**DATA FOR THIS TASK:**
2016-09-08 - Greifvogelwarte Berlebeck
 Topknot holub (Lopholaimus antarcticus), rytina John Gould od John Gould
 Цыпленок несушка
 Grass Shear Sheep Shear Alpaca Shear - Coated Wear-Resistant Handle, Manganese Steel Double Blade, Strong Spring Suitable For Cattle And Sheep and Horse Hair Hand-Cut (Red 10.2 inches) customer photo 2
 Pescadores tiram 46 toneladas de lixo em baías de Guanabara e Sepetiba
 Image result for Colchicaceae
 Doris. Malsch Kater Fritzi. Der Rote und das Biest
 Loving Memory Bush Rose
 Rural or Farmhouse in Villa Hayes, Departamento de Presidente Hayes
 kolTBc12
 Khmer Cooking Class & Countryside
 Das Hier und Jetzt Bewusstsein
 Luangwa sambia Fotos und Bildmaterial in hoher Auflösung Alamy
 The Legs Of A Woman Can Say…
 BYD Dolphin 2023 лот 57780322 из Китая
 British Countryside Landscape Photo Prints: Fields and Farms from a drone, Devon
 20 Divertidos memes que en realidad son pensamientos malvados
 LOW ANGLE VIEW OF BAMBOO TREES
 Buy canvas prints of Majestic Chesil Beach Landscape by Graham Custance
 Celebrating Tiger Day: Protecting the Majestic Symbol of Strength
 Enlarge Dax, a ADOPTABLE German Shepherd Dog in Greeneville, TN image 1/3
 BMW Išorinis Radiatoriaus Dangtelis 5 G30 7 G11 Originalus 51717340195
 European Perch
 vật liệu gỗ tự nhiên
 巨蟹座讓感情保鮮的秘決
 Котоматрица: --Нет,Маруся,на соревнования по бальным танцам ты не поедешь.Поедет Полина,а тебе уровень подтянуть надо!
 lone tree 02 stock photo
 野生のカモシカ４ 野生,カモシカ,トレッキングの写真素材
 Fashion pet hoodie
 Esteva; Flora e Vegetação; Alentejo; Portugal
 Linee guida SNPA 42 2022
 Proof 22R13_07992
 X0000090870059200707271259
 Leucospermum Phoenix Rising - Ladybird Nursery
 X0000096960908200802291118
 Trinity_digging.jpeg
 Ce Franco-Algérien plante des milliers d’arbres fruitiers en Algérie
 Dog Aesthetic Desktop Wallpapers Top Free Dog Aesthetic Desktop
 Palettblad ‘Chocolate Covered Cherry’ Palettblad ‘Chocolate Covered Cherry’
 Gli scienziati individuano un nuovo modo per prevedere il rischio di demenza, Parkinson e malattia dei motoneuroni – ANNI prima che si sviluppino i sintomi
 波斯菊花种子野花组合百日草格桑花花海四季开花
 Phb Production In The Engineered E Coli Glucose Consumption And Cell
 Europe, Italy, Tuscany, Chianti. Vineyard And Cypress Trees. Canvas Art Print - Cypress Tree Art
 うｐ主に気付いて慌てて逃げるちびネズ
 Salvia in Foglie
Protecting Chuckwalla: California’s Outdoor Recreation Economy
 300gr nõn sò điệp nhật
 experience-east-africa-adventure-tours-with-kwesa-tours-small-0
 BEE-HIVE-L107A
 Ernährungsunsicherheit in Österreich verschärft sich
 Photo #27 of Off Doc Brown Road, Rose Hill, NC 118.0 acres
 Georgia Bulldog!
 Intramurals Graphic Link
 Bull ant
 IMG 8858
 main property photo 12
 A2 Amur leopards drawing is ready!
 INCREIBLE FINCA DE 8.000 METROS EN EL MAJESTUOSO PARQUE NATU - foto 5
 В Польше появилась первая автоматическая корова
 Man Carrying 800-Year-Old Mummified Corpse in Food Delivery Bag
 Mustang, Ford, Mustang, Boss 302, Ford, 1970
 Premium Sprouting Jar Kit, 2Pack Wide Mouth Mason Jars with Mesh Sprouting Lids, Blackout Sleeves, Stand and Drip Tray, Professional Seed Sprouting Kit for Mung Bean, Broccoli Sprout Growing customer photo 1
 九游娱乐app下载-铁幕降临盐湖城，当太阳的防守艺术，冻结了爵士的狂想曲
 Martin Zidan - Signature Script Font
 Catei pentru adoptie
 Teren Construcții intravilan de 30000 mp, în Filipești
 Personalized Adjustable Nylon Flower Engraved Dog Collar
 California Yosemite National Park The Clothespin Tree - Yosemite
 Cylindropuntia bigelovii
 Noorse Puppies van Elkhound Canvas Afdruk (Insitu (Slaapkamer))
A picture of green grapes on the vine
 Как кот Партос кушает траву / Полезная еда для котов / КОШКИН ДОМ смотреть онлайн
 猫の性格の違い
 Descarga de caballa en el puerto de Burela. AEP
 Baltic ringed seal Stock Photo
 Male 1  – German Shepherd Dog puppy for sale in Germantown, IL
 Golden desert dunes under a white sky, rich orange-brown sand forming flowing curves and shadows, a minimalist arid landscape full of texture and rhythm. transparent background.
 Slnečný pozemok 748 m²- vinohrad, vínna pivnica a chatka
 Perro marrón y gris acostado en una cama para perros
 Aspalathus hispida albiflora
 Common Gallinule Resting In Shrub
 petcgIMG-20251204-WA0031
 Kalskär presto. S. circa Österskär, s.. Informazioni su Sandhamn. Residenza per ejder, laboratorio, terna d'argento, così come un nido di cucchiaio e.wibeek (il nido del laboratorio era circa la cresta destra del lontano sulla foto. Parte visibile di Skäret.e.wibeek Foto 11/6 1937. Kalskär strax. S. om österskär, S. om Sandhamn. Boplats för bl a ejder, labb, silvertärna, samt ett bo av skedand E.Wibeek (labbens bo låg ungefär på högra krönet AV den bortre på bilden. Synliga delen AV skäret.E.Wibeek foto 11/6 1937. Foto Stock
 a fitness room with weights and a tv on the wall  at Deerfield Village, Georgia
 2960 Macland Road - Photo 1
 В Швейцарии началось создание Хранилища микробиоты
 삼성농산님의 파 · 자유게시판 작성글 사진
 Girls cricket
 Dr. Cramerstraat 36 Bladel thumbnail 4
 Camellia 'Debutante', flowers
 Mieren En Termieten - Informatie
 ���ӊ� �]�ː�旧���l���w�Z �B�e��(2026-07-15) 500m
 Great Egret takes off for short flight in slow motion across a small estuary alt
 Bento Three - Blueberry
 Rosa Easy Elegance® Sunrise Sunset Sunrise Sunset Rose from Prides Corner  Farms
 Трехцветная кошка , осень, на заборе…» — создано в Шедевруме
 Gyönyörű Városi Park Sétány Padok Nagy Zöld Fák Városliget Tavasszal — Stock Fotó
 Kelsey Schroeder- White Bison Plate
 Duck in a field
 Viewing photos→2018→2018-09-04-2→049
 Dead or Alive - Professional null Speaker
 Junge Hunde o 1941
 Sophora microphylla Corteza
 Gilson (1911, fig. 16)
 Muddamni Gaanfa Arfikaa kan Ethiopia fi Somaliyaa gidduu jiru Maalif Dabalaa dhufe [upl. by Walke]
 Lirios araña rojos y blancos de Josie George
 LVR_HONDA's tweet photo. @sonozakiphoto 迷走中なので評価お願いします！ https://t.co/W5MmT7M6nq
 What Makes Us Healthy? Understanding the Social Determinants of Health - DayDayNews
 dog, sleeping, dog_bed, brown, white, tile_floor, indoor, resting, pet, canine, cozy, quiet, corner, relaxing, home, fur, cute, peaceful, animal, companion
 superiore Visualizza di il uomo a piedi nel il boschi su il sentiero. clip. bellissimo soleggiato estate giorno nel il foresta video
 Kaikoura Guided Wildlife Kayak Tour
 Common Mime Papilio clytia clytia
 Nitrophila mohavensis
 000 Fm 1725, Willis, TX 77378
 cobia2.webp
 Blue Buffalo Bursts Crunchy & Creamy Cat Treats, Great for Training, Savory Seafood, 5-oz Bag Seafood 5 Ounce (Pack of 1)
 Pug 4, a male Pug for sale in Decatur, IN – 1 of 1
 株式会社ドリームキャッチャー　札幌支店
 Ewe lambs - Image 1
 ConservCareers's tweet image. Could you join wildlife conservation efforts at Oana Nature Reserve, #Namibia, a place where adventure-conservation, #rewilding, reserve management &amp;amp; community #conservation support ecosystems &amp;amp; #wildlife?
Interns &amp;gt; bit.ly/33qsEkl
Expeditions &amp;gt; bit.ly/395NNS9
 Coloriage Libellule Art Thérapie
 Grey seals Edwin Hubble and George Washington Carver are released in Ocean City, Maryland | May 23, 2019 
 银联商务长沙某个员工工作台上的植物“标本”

**TASK BRIEF:**
Look above for the line with "Grass Shear Sheep" and the line with "Celebrating Tiger Day: Protecting"; transcribe both and all lines in between, exactly, and nothing else.

**SOLUTION:**
 Grass Shear Sheep Shear Alpaca Shear - Coated Wear-Resistant Handle, Manganese Steel Double Blade, Strong Spring Suitable For Cattle And Sheep and Horse Hair Hand-Cut (Red 10.2 inches) customer photo 2
 Pescadores tiram 46 toneladas de lixo em baías de Guanabara e Sepetiba
 Image result for Colchicaceae
 Doris. Malsch Kater Fritzi. Der Rote und das Biest
 Loving Memory Bush Rose
 Rural or Farmhouse in Villa Hayes, Departamento de Presidente Hayes
 kolTBc12
 Khmer Cooking Class & Countryside
 Das Hier und Jetzt Bewusstsein
 Luangwa sambia Fotos und Bildmaterial in hoher Auflösung Alamy
 The Legs Of A Woman Can Say…
 BYD Dolphin 2023 лот 57780322 из Китая
 British Countryside Landscape Photo Prints: Fields and Farms from a drone, Devon
 20 Divertidos memes que en realidad son pensamientos malvados
 LOW ANGLE VIEW OF BAMBOO TREES
 Buy canvas prints of Majestic Chesil Beach Landscape by Graham Custance
 Celebrating Tiger Day: Protecting the Majestic Symbol of Strength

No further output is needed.